AIM OF THE EXERCISE: After locating the line that holds "kitchen with freestanding", transcribe it and each following line to the end of the records, changing nothing and adding nothing.

Records from a collection:

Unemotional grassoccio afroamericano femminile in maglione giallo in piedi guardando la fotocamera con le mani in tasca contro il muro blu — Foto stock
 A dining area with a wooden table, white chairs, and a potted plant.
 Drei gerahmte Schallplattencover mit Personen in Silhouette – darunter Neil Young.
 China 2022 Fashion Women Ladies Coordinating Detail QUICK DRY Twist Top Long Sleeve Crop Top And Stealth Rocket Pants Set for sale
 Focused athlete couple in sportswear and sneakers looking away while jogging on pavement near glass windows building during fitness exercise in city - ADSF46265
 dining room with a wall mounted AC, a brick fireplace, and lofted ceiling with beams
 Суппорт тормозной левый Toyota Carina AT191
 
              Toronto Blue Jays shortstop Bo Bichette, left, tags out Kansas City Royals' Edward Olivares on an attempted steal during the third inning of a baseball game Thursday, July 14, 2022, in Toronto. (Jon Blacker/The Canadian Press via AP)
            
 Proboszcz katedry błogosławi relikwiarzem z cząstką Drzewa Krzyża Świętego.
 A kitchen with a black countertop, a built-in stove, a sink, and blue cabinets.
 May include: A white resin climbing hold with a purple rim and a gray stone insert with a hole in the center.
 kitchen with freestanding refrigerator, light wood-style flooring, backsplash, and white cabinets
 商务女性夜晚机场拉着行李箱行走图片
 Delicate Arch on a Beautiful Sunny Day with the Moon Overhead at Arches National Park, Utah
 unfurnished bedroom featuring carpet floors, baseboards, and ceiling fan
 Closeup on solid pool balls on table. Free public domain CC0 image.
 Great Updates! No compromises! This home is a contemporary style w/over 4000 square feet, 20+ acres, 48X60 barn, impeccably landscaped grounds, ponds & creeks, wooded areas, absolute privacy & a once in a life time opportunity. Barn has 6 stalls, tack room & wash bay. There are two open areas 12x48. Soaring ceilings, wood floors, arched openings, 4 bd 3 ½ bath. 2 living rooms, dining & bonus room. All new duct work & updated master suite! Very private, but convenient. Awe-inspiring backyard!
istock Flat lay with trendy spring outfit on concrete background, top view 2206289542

SOLUTION TO THIS PROBLEM:
 kitchen with freestanding refrigerator, light wood-style flooring, backsplash, and white cabinets
 商务女性夜晚机场拉着行李箱行走图片
 Delicate Arch on a Beautiful Sunny Day with the Moon Overhead at Arches National Park, Utah
 unfurnished bedroom featuring carpet floors, baseboards, and ceiling fan
 Closeup on solid pool balls on table. Free public domain CC0 image.
 Great Updates! No compromises! This home is a contemporary style w/over 4000 square feet, 20+ acres, 48X60 barn, impeccably landscaped grounds, ponds & creeks, wooded areas, absolute privacy & a once in a life time opportunity. Barn has 6 stalls, tack room & wash bay. There are two open areas 12x48. Soaring ceilings, wood floors, arched openings, 4 bd 3 ½ bath. 2 living rooms, dining & bonus room. All new duct work & updated master suite! Very private, but convenient. Awe-inspiring backyard!
istock Flat lay with trendy spring outfit on concrete background, top view 2206289542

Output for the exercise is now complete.